Philosophical Analysis of London and Paris in Charles Dickens’s A Tale of Two Cities

Charles Dickens’s A Tale of Two Cities is not only a dramatic narrative reflecting the historical atmosphere of the French Revolution; it is also a text of moral and social philosophy. In this work, Dickens constructs London and Paris not only as two cities, but also as embodiments of opposing ethical and political forms. In this context, the city descriptions in the work offer us a kind of “negative ontology” about what the ideal society is not: Dickens leaves a philosophical echo of this question in the reader’s mind map by showing what the ideal society is not, rather than what it is.

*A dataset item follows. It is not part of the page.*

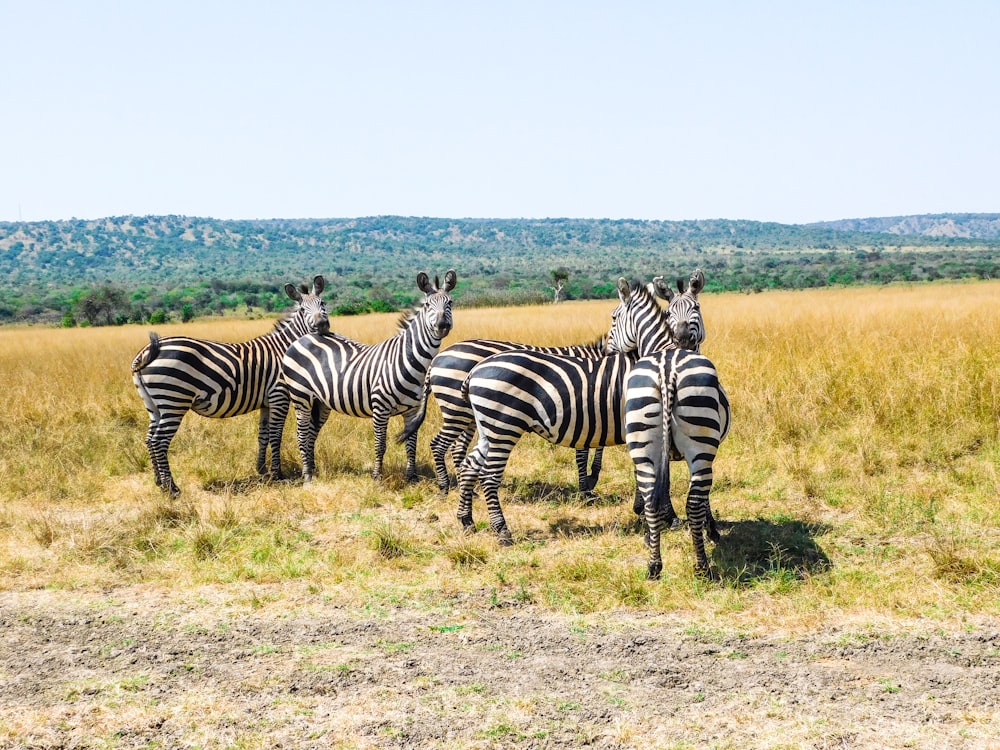 a group of zebras stand in a grassy field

I. Paris: The Evolution of the Quest for Justice into Tyranny

In Dickens’s descriptions, Paris is the setting of pre-revolutionary aristocratic degeneration and post-revolutionary mass violence. Paris before the revolution is a scene of feudal despotism, where justice is subject to class privileges, where lineage is prioritized over the rights of the citizen. In this sense, it is a system in which the individual submits to arbitrary authority, not to the general will, as Rousseau criticized in The Social Contract.

However, Dickens’s real criticism is that the revolutionary movement that developed in response to this degeneration lost its inherent righteous anger, giving way to blind revenge and violence. The character of Madame Defarge transforms personal trauma into collective anger, completely erasing the sense of justice. Here justice becomes not a “golden ratio” as Aristotle put it in the Nicomachean Ethics, but a “justice of ressentiment” in Nietzsche’s sense: the morality of the oppressed emerges as a force legitimizing repressed resentment.

This transformation in Paris is the opposite of the ideal society: here there is no nomos (law), only thymos (anger). The social contract is rewritten not by the will of the people, but through mass lynching and destruction. In this case, there is a return to the state of nature described by Hobbes in Leviathan: a state in which everyone is at war with everyone else.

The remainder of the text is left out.